> DATASET RECORDS:
§

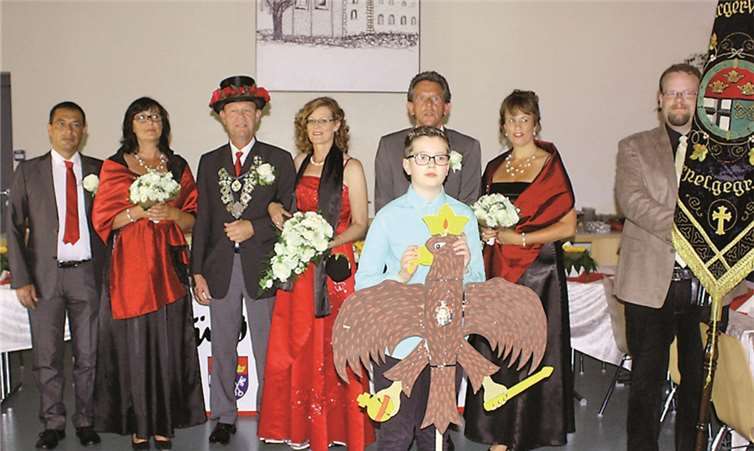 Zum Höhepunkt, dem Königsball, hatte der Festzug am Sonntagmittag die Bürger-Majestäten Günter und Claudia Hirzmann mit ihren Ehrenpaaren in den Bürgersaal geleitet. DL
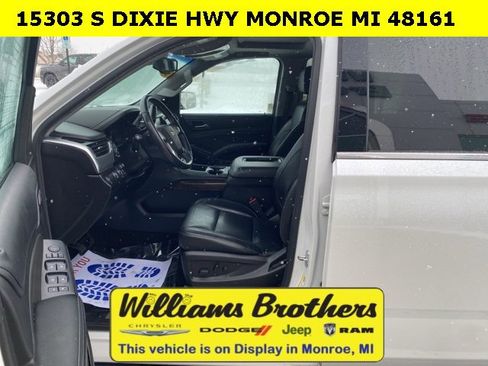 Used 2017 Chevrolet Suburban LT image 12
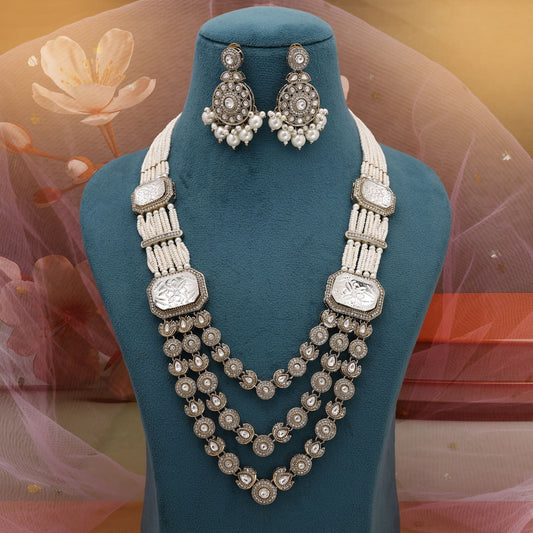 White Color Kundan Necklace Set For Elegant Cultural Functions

§

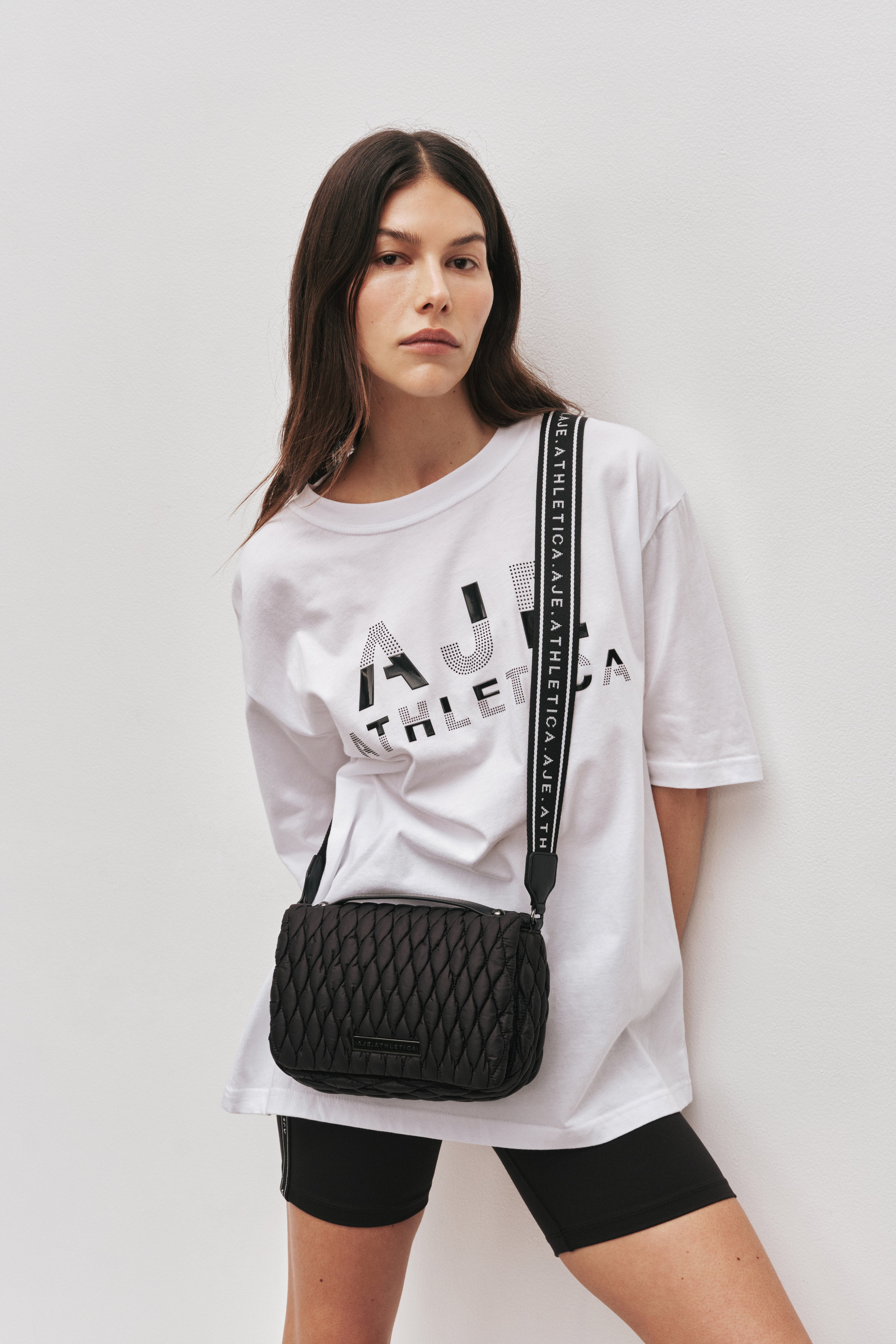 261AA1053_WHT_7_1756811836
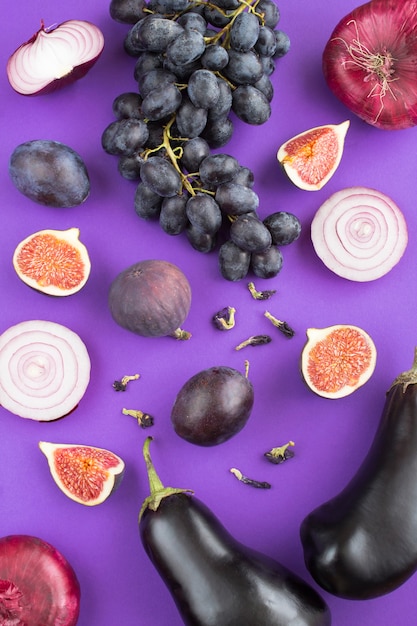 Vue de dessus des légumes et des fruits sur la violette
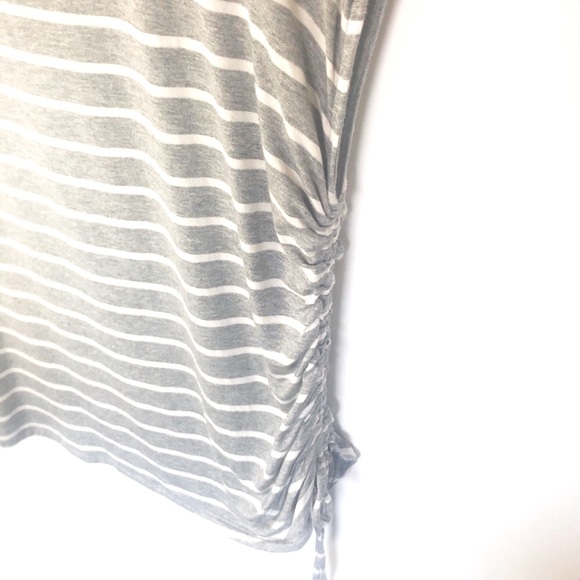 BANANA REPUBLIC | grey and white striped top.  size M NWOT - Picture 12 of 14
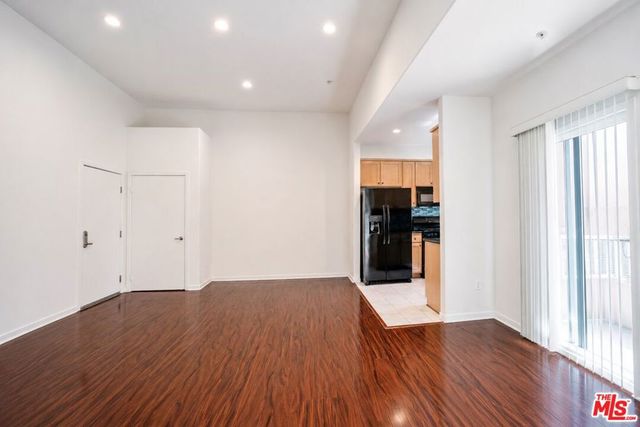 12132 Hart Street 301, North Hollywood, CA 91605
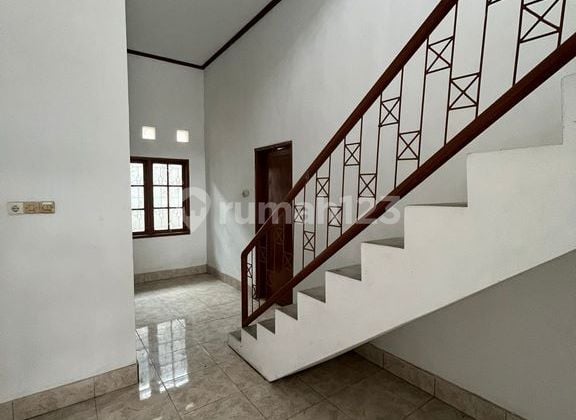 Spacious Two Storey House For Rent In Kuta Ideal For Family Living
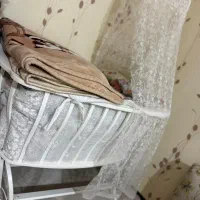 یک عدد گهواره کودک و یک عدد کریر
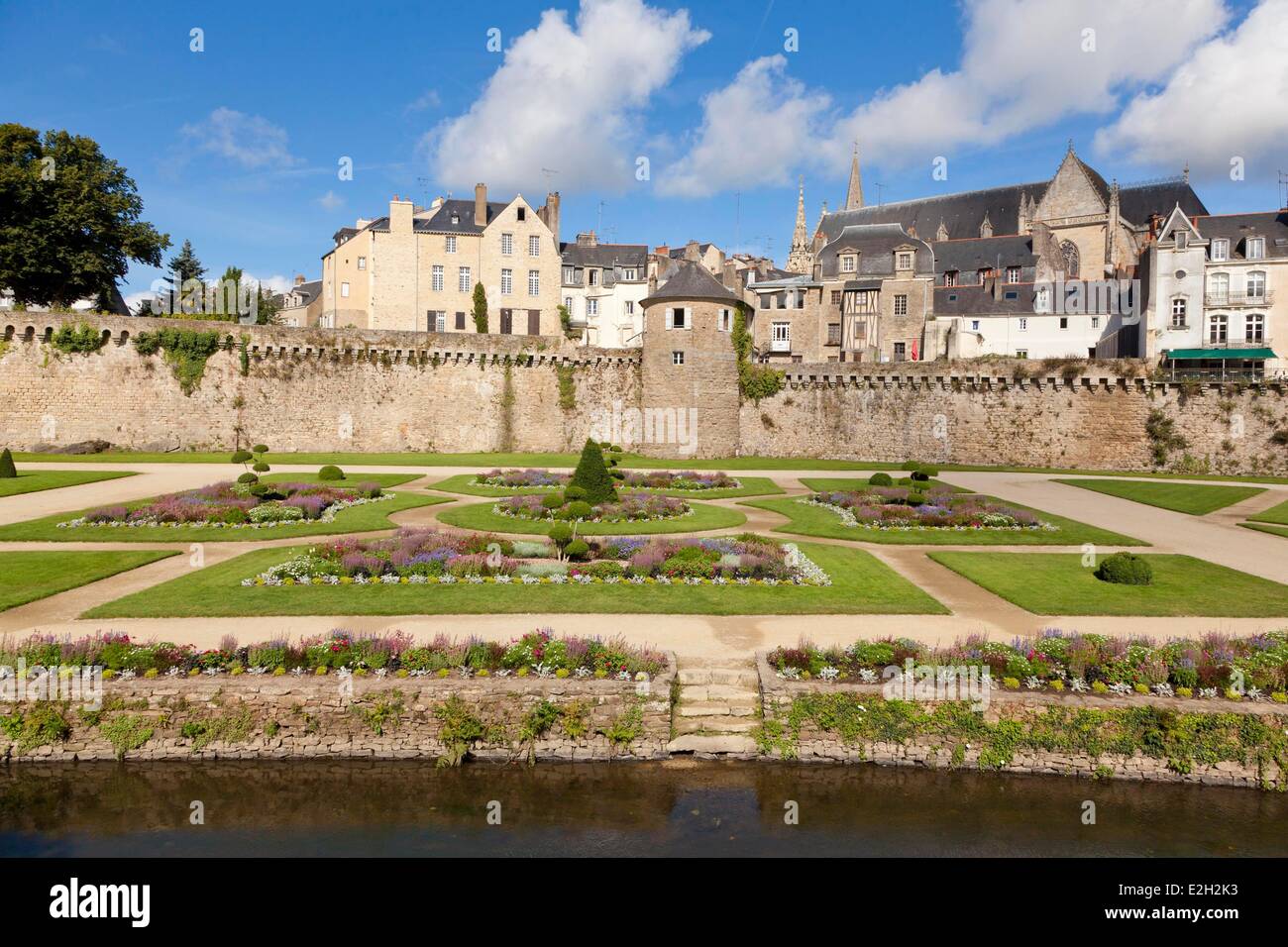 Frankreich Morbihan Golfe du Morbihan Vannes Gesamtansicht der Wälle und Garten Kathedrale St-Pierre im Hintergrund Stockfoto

§

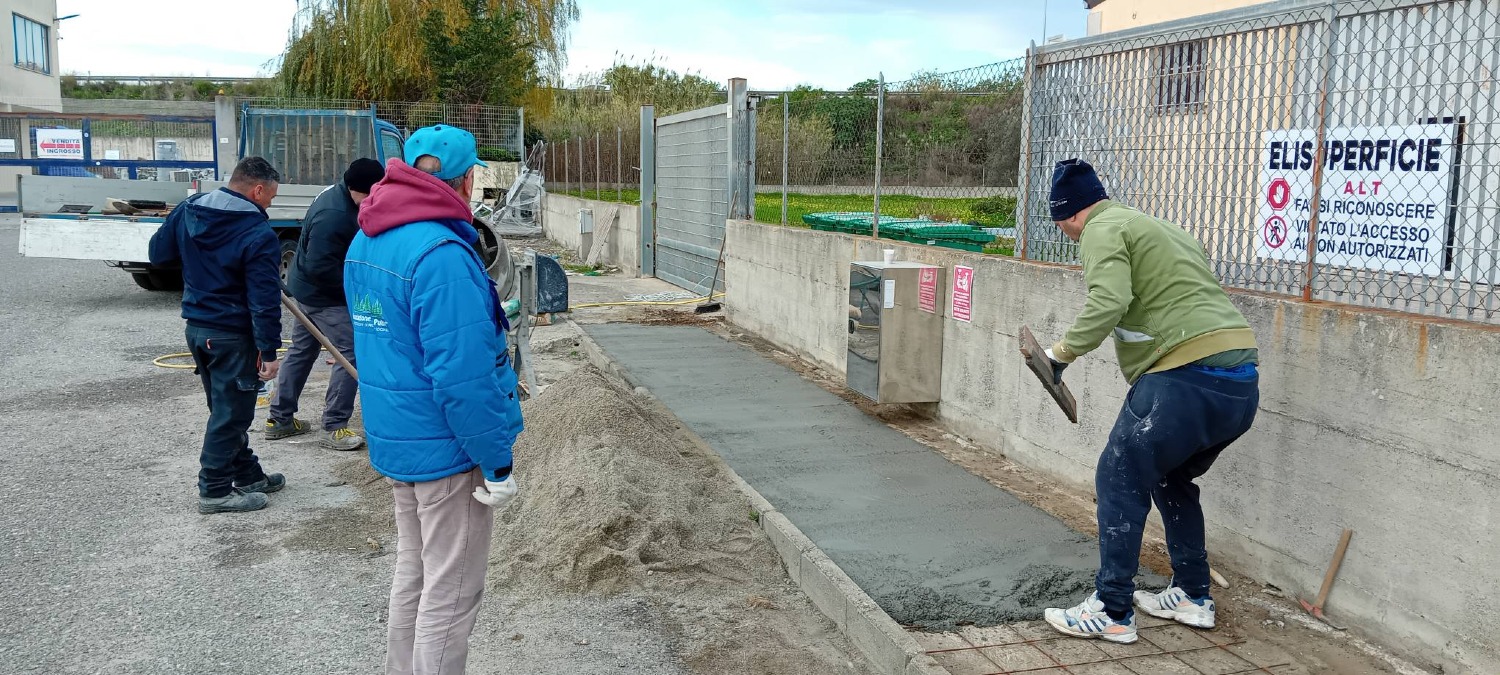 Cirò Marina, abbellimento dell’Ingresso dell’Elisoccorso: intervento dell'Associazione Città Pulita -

§

> TASK GOAL: The result should be an exact copy of only the lines above from the one that holds "12132 Hart Street" through the one that holds "Frankreich Morbihan Golfe", both ends included, without pictures.

> COMPLETED TASK:
 12132 Hart Street 301, North Hollywood, CA 91605
 Spacious Two Storey House For Rent In Kuta Ideal For Family Living
 یک عدد گهواره کودک و یک عدد کریر
 Frankreich Morbihan Golfe du Morbihan Vannes Gesamtansicht der Wälle und Garten Kathedrale St-Pierre im Hintergrund Stockfoto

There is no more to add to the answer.